───── DATA EXCERPT
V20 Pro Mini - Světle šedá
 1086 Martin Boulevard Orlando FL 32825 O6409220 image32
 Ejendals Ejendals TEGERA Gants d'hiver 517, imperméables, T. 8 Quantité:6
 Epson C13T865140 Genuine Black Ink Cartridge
──────────
* [WHAT IS REQUIRED]: Reproduce only the lines running from the one with "1086 Martin Boulevard" through the final line of the listing above, both ends included.

* [SOLVED PROBLEM]:
 1086 Martin Boulevard Orlando FL 32825 O6409220 image32
 Ejendals Ejendals TEGERA Gants d'hiver 517, imperméables, T. 8 Quantité:6
 Epson C13T865140 Genuine Black Ink Cartridge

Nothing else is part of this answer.